Che sta succedendo in questo posto?
Mi chiedo se i problemi stiano riaffiorando tutti in una volta, o se invece sia io ad aver appena aperto gli occhi.
Busso alla porta solo per abitudine, ma non perdo tempo ad aspettare che sia lui a farmi entrare. Trovo Jason alla scrivania, intento ad analizzare alcuni documenti. Ho già rovistato in quella roba, non c'è nulla di interessante per me, solo i dati dei test fisici e dei record. Alcune volte rimane fino a tardi a leggere quelle carte o forse qualche vecchio libro che tiene dentro il cassetto. Io mi sveglio appena accende la lampada da tavolo, dopo tutto quello che ho passato posso dire che avere il sonno leggero è quello che mi ha tenuta in vita.

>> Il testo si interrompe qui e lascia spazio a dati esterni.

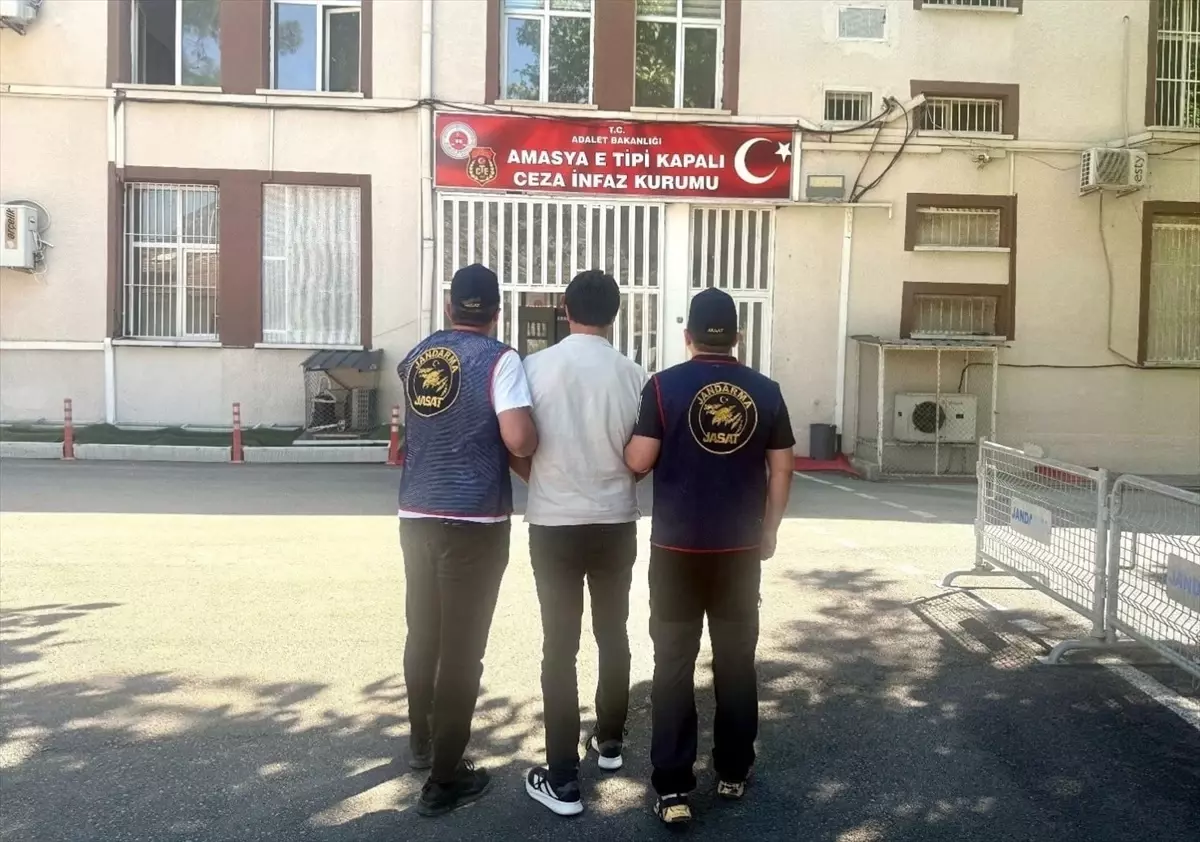 Amasya'da 10 Yıl Hapis Cezası Olan Firari Hükümlü Yakalandı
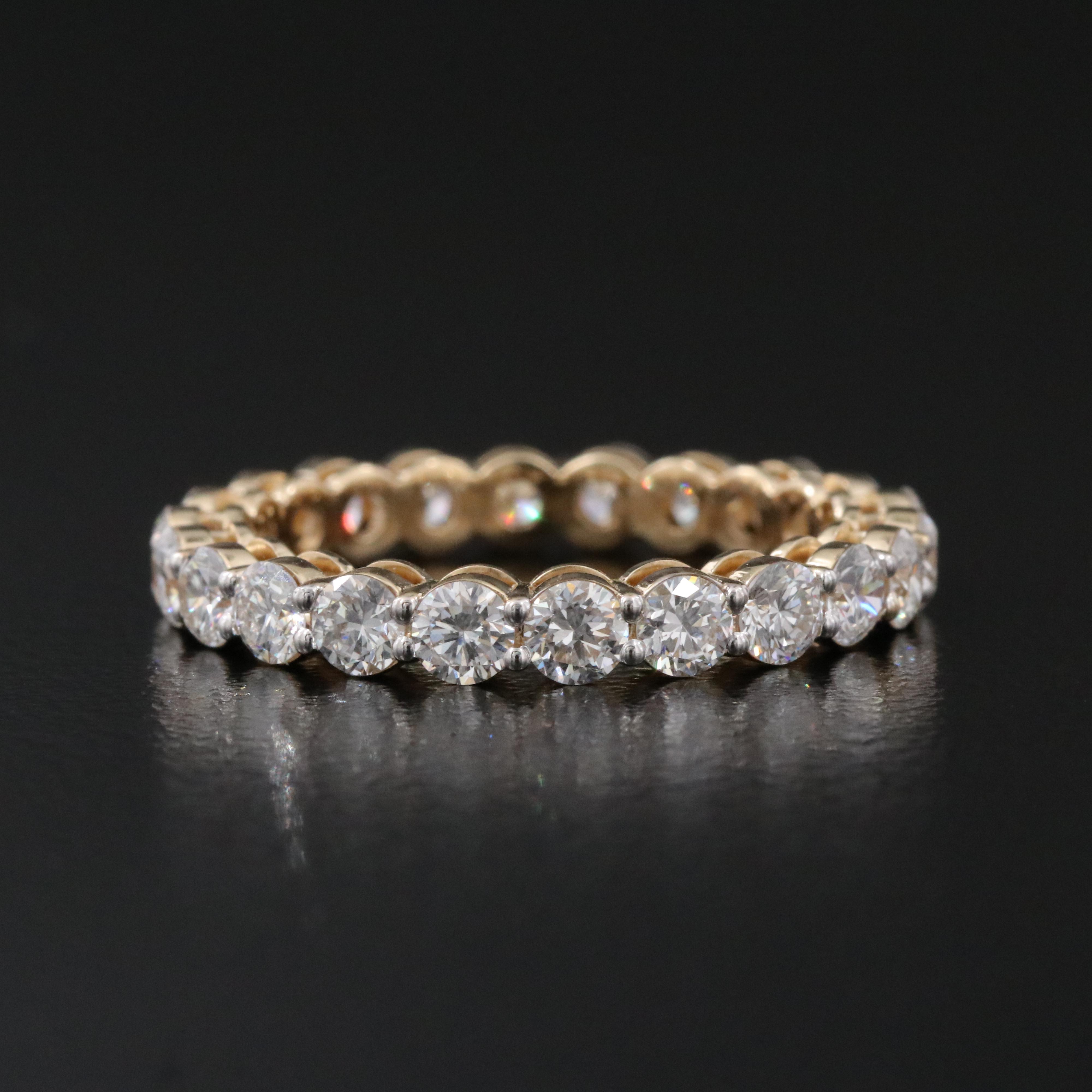14K 2.07 CTW Lab Grown Diamond Eternity Band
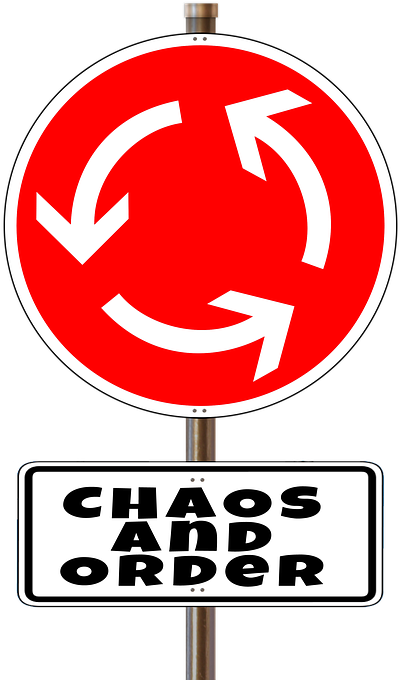 Chaos, Regulation, Chaos Theory, Traffic Sign - German Traffic Sign Roundabout Mandatory (720x720)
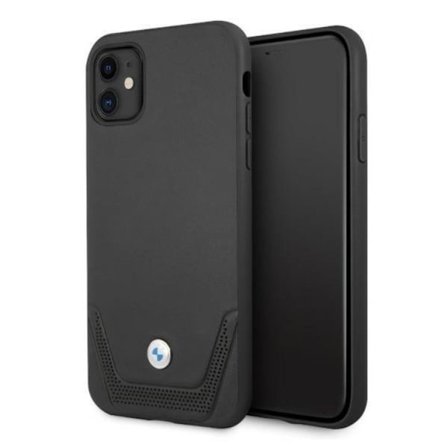 BMW Läder Perforate iPhone 11 Skal - Svart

So che lui detesta stare chiuso in questa camera, ad aspettare di aver il permesso per continuare con gli allenamenti. Alcune volte si muove da un punto all'altro in modo frenetico, preso da chissà quali pensieri; altre volte mi alzo dal letto la mattina e lo trovo a fare le flessioni sul pavimento.
Oggi deve aver deciso di riesaminare quei dati che ormai saprà a memoria.

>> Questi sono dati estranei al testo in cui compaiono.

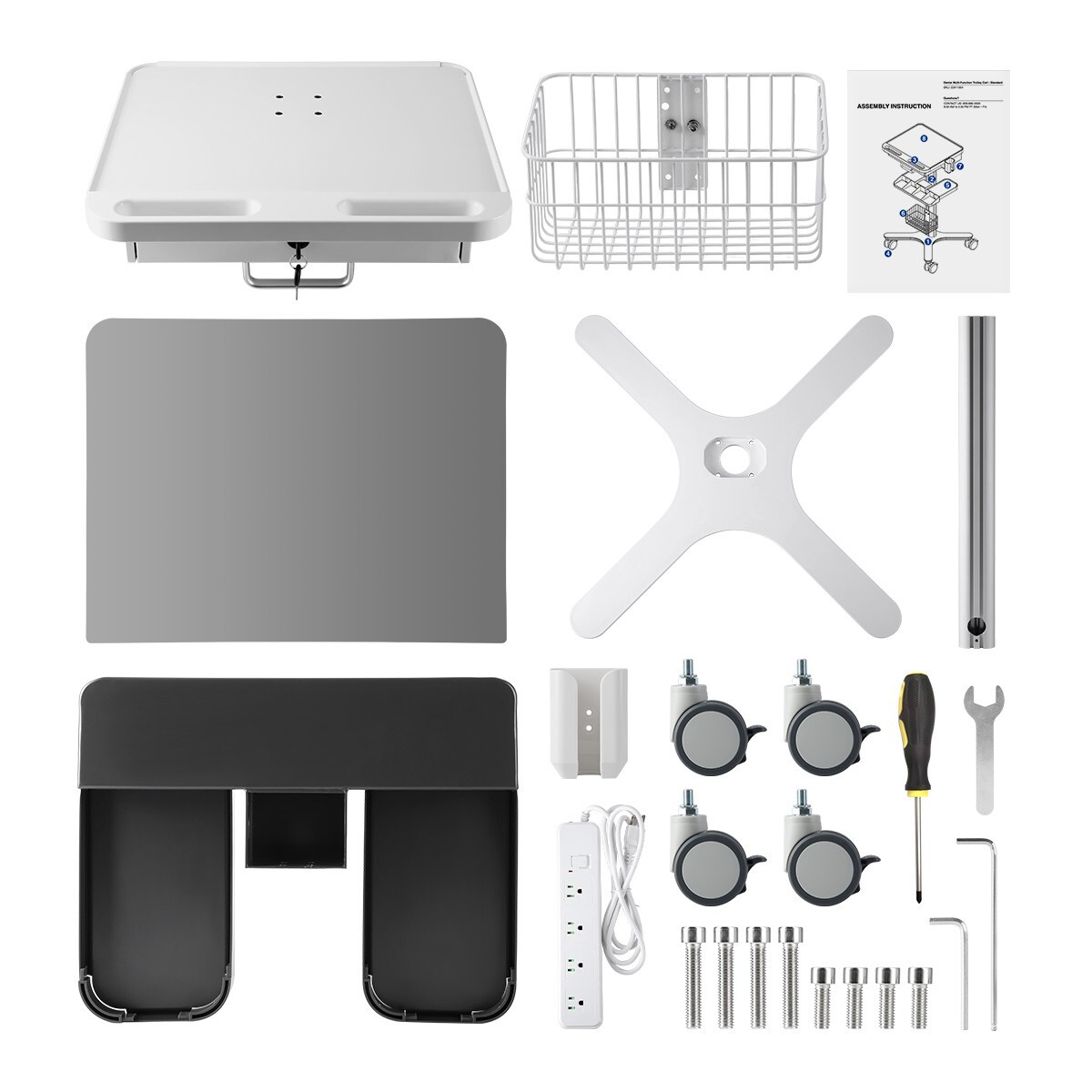 Dental Medical Rolling Multi-Function Trolley Cart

-Lieto di vedere che sei tutta intera- commenta senza distogliere lo sguardo dai suoi raccoglitori.
-Avevi ragione, mi ha fatto solo una ramanzina fingendosi deluso- mormoro sospirando. Vorrei che si fosse solo limitato a questo.
Sarebbe stato più facile.
Dove sono le mie pillole?
-Sei proprio una figlia di papà-
Vago con lo sguardo alla ricerca del mio borsone, ma vengo subito attirata dall'anta dell'armadio leggermente piegata, come se qualcuno avesse forzato la superficie.
-Hai di nuovo provato a fare i piegamenti sull'armadio?-
Ma lui finge di non ascoltarmi e continua ad annotare qualcosa sul fascicolo di una ragazza.

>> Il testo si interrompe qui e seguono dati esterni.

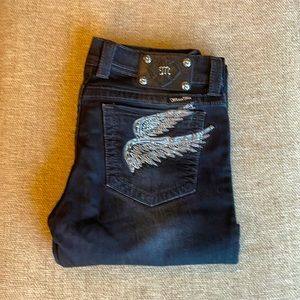 Miss Me Woman’s jeans size 30, boot cut, black.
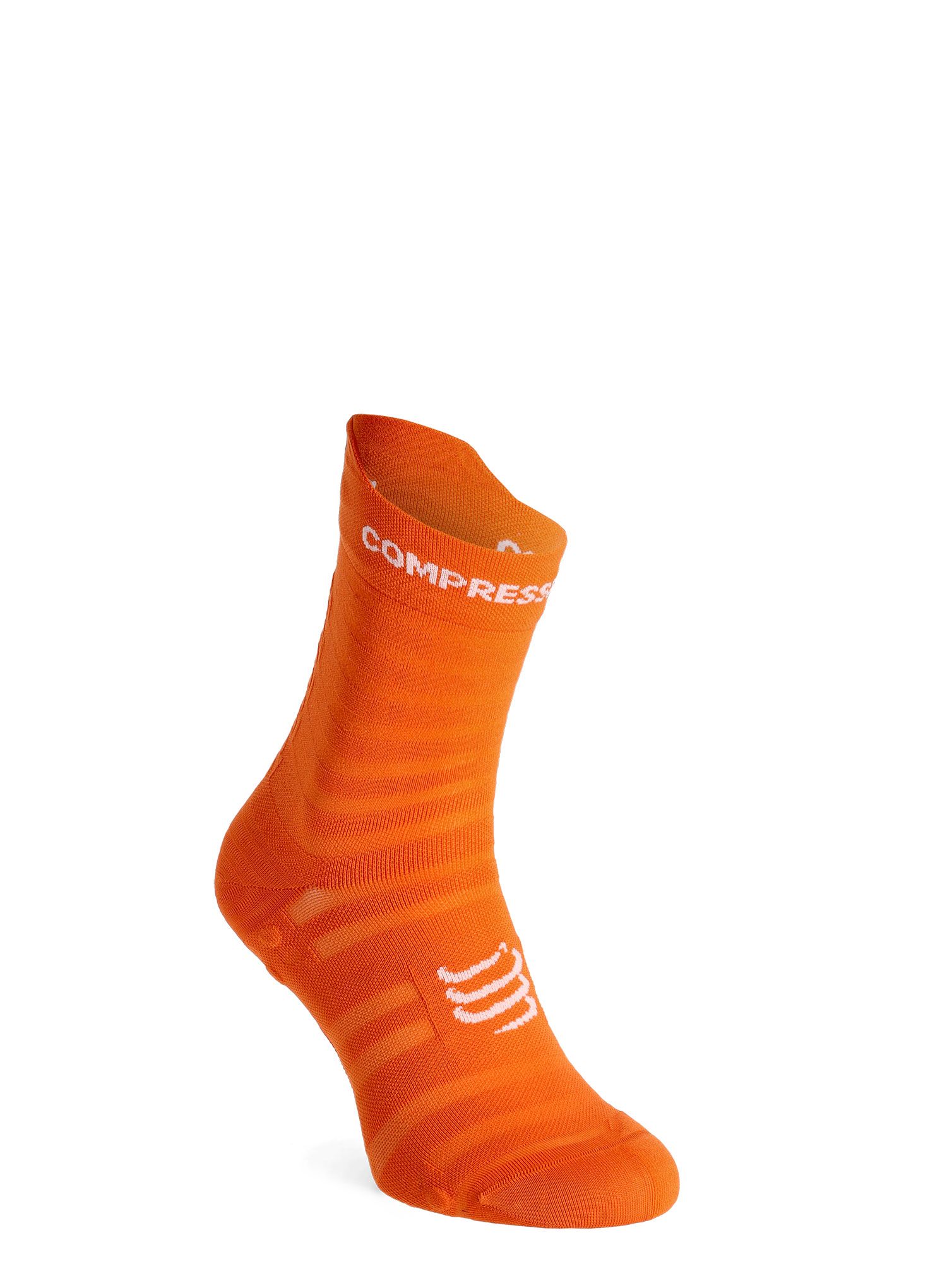 Čarape za trčanje Compressport Pro Racing v4.0 Ultralight Run High - fire/white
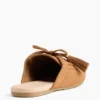 Vegan Suede Tassel Moc Mules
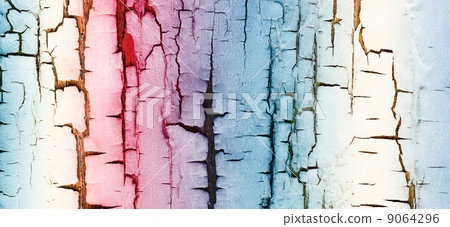 The walls are painted in colorful stripes The walls are painted in colorful stripes 9064296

Non gli concedo nemmeno il piacere di vedermi sbuffare, e senza battere ciglio mi siedo sopra la sua scrivania, impedendogli di ignorarmi.
-Ti hanno detto espressamente di non fare sforzi. Per un pelo non ti ritrovavi con le costole rotte e adesso non riesci nemmeno a stare a riposo per qualche settimana-
Evito di aggiungere che se il suo malessere peggiora, anche il suo carattere fa altrettanto, e io dovrò subirne le conseguenze. Inoltre, se ritornasse a lavoro io sarei più libera.
Jason si alza, poggiando le mani sul bordo del tavolo, ai lati dei miei fianchi. La sua stazza torreggia su di me, ma non ho intenzione di ritirarmi.
-Sentila la ragazzina che crede di darmi ordini-
-Non sono miei ordini, ma del medico, e sarebbe ora che li ascoltassi-
-Sto bene. E questo penso di avertelo dimostrato ogni notte, o forse in questo momento ti sfugge?- serro le labbra per non ribattere, perché quello che ho da dirgli non sarebbe per nulla gentile. E sicuramente non coerente con l'immagine della sua amata e servizievole crocerossina.
-Oh no, Alexa, non trattenerti, era così bello ieri sera quando non lo facevi- e con le dita inizia a risalire dalle mie cosce, accarezzandomi fianchi.
Distolgo lo sguardo in fretta, infastidita dalle sue parole.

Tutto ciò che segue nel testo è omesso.